Darkness everywhere. Giant clock faces flying all around you. Faces without form screaming, "I need this in five minutes!" Production orders fall from the center of the abyss by the thousands, all emblazoned with large letters proclaiming, "REASON FOR REVISION" and "CLIENT APPROVAL NEEDED." Relax. You're just having a Production Director's nightmare.

Many Production Directors, including myself, have to talk with clients to get spot approval. If I'm not careful, I find myself calling for spot approval more than once. After thousands of "second approvals" over the years, I realized that perception is reality.

Let's look at the big picture. The radio station AE, or "suit" as I like to call them, has told the client you're "the best production man in town" (even better than the production guy at the number one station in town). But, in the same breath, the suit also says, "we can recut the commercial as many times as it takes until you're satisfied." Are they nuts? Ummm, we'll discuss that later. For now, consider the first thing the AE has said: "The best production man (or woman) in town."

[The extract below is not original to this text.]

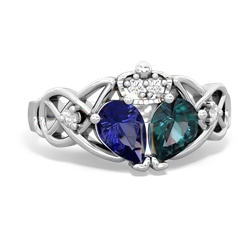 Alexandrite 'One Heart' Celtic Knot Claddagh 14K White Gold ring R5322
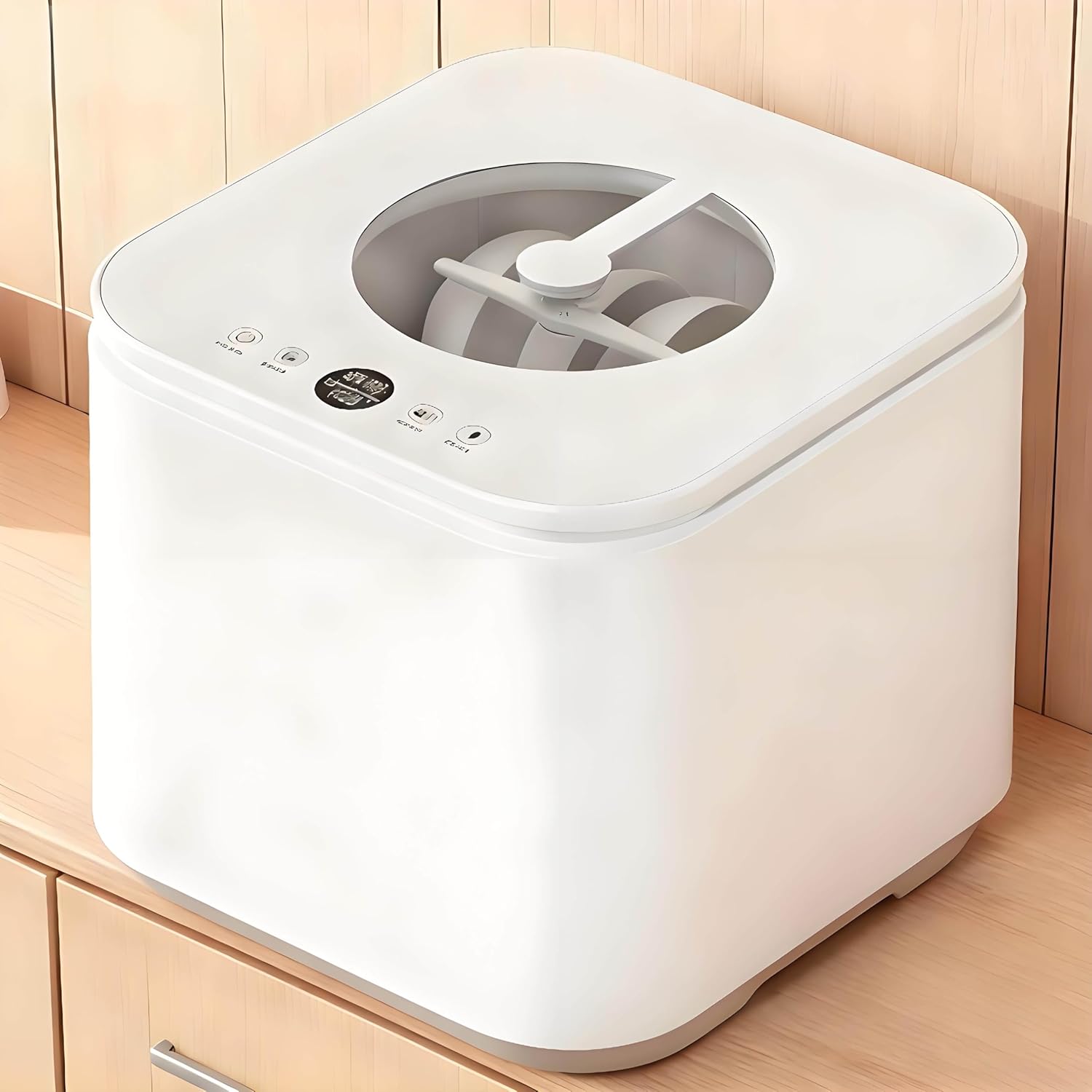 Fully Automatic Household Dishwasher, Mini Countertop Dishwasher, Hot Air Drying with Active Oxygen Sterilization, 5 Programs, Touch Screen, Compact Dishwasher Suitable for Countertops and Cabinets. B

CONGRATULATIONS! You're an expert!

Now, your image as an expert has to become reality in the way you are perceived by the client. He or she is expecting an "expert" -- level headed, confident, concerned, open to suggestion, ready to respond to questions and comments with facts and figures. Your purpose, as an "expert Production Director," is to make a great commercial to help their business and make them sound good on your radio station.

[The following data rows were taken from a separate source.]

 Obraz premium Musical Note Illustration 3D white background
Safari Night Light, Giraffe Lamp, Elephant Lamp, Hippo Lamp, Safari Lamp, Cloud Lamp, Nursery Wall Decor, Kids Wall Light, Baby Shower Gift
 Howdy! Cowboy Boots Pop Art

When writing a commercial for the first time, you don't expect to make changes. You put everything you've got into the copy the first time, don't you? You've got a reason for everything in that script. So what do you tell the client when he starts changing things around? At that point, you've got to say, "Certainly. I can do that for you."

Even though you're the "expert," the client wants to be a crucial part of the creative process. That's human nature. After all, all of their business associates and friends will hear their spot, and comment on it. If you realize this early on, you must also realize you can have this input before you sit down at the typewriter or word processor. So, call the client that requires approval before you start to write. Go over copy needs, phraseology, tempo, pacing, delivery, intensity, sound effects, and music. Start the process of copy approval before the copy is written.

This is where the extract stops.